In this Energy Perspective, we evaluate the impacts of these developments, concluding that the challenges are inevitable but should be manageable, and will also reinforce incentives for the development of much-needed flexibility.

Revolution

Solar projects to date have mainly been connected to the distribution network so there is no definitive record of aggregate capacity. However, the latest estimates created by National Grid and Sheffield Solar suggest that the total installed capacity passed 12GW at the end of March this year. Our own analysis of capacity deployed under the Renewables Obligation (RO) and Feed-in Tariff (FiT) scheme concurs, with 7.2GW and 4.5GW installed respectively by the end of March 2017. We expect 300-400MW more this financial year, including modest additions of 26.67MW from solar capacity awarded Contracts for Difference.

Figure 1 shows an estimate of how GB solar capacity has grown over time. The pace of deployment has slowed since 2016 due to the closure of the RO to small-scale solar, reduced FiT budgets and the introduction of deployment caps.

But the level of solar capacity overall has meant that the record for estimated peak solar output was broken twice during May.

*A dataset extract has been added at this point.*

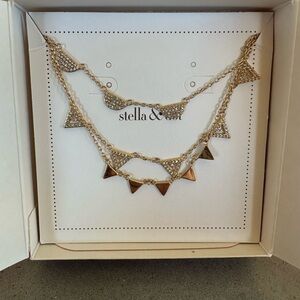 NIB Stella & Dot Pave Chevron Layering Necklace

On 10 May, 8,480MW was recorded, breaking the previous record of 8,420MW set in May 2016. Output surged again on 26 May when it reached a new high of 8,910MW at 1.30pm. This implied a national load factor of 74%, and a record 24% share of production in one half-hour period.

A day in the life

Distribution connected generation including solar is accounted for by National Grid in its role as

system operator as negative demand on the transmission system, rather than generation. High solar capacity is already significantly changing the shape of demand. Solar generation often coincides with the post-lunch reduction in demand on the typical consumption profile. On days where there is a large solar effect, the daily peak demand typically shifts from the early evening to either 8-9am or after sunset.

The general solar demand impact during the day lowers the marginal demand required to be met at what have historically been peak periods. This pushes older, less efficient, thermal power stations out of merit in the generation stack, sending wholesale electricity prices down. On 26 May, the day-ahead baseload power price dropped to a near 8-month low of £37.50/MWh, with the peak power price a little higher at £39.40/MWh. Further, it caused a depression in within-day power prices, which fell below £30/MWh during the afternoon.

A hard day’s night

This “shaving”, and sometimes reversal, of the peak/baseload spread, combined with the reduced and changing shape of transmission demand means old stations either turn down and run at losses in the middle of sunny-days or even turn-off. They then will seek to recover losses in evening periods once solar generation diminishes.

The effect, as we have seen in big solar markets like Germany and California, is that while prices in the middle of the weekdays move lower than the historic norm, the prices in the evening, after dusk, could be much higher. This means more volatility even if overall prices might be lower. There are other distributional effects. As solar capacity has grown, the “captured” price of solar, being the generation weighted £/MWh price solar projects realise has declined compared to baseload thermal technologies: the so-called “cannibalisation” effect. The changing level of captured prices for solar PV versus a benchmark

Jonathan Davison Senior Analyst 01603 604432

[email protected]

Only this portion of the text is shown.